MHT CET · Physics · Center of Mass Momentum and Collision
In the system of two particles of masses ' \(\mathrm{m}_1\) ' and ' \(\mathrm{m}_2\) ', the first particle is moved by a distance 'd' towards the centre of mass.

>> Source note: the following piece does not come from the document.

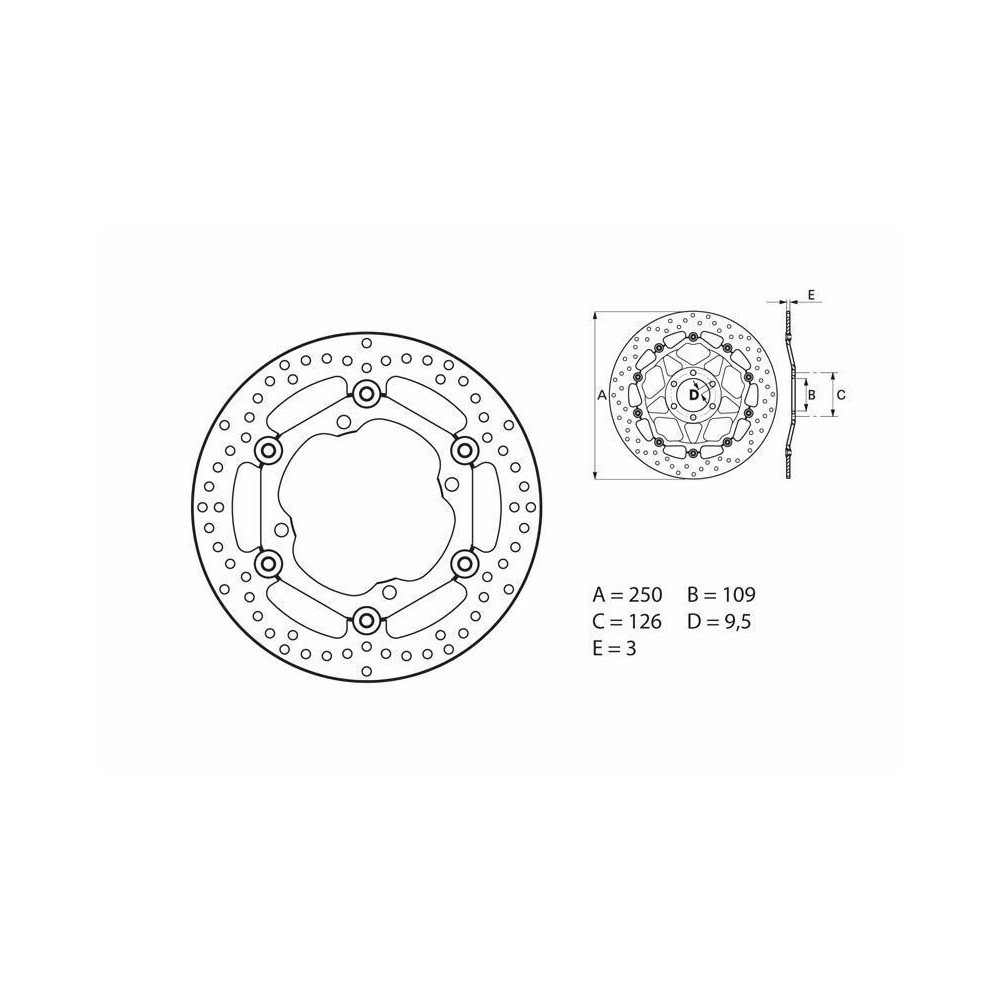 Disque de frein BREMBO Serie Oro rond flottant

To keep the centre of mass unchanged, the second particle will have to be moved by a distance
- A \(\frac{\mathrm{m}_2}{\mathrm{~m}_1} \mathrm{~d}\), towards the centre of mass.

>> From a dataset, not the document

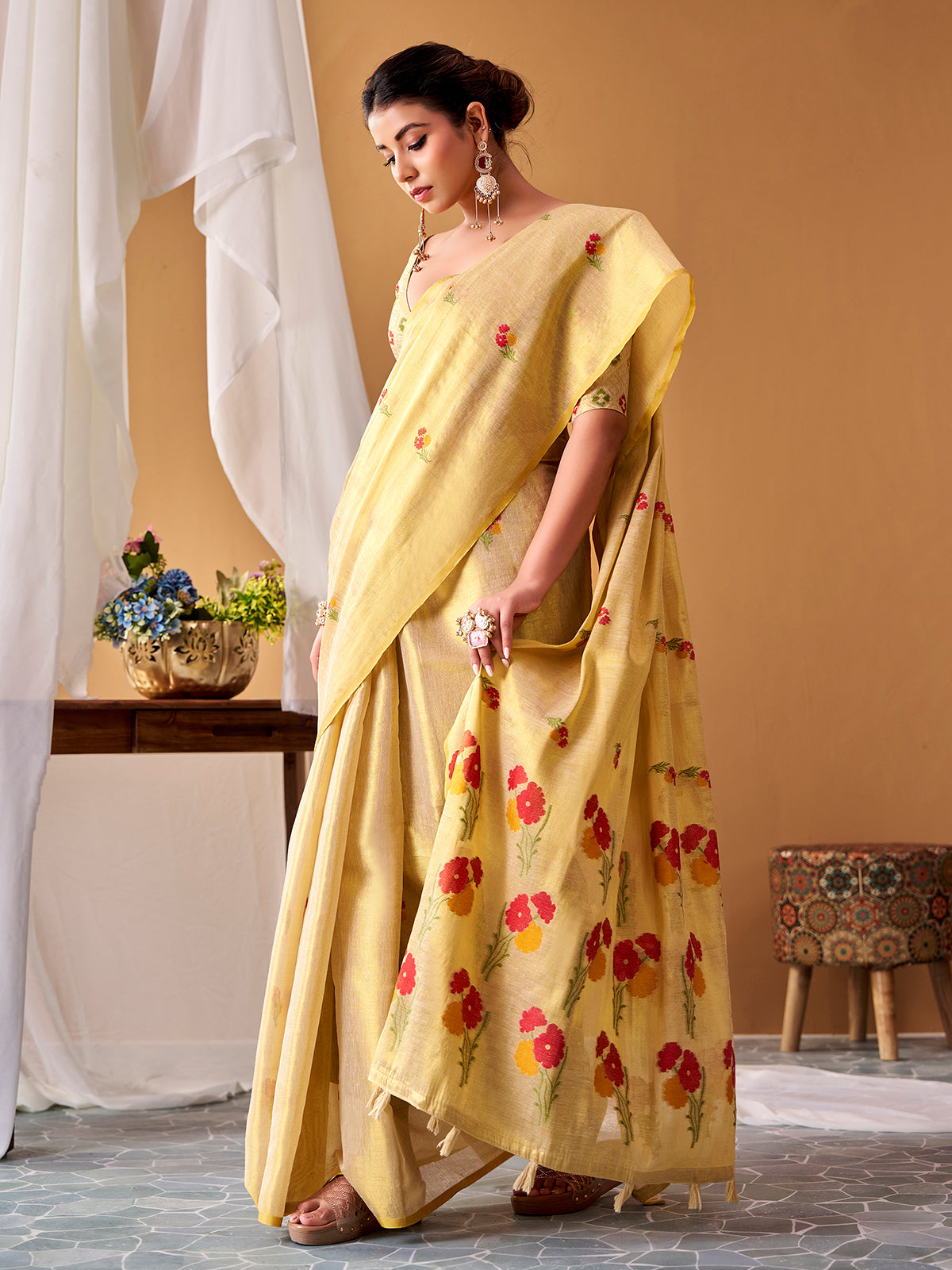 Mehendi light green floral tissue silk saree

- B \(\frac{m_1}{m_2} d\), away from the centre of mass.
- C \(\frac{\mathrm{m}_1}{\mathrm{~m}_2} \mathrm{~d}\), towards the centre of mass.

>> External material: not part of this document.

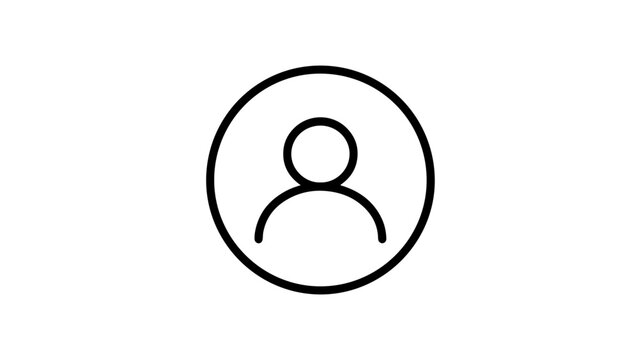 Neutral circular silhouette with a generic human face placeholder inside, representing anonymity or user profile.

- D \(\frac{m_2}{m_1} \mathrm{~d}\), away from the centre of mass.
Answer & Solution
Correct Answer
(C) \(\frac{\mathrm{m}_1}{\mathrm{~m}_2} \mathrm{~d}\), towards the centre of mass.
Step-by-step Solution
Detailed explanation
\(\begin{array}{ll}& m_1 x_1=m_2 x_2 ...(i)\\& m_1\left(x_1-d\right)=m_2\left(x_2-d^{\prime}\right) ...(ii)\\\therefore & m_1 x_1-m_1 d=m_2 x_2-m_2 d^{\prime} \\& m_1 d=m_2 d^{\prime} \\\therefore & d^{\prime}=\frac{m_1}{m_2} d\end{array}\)
...[From (i)]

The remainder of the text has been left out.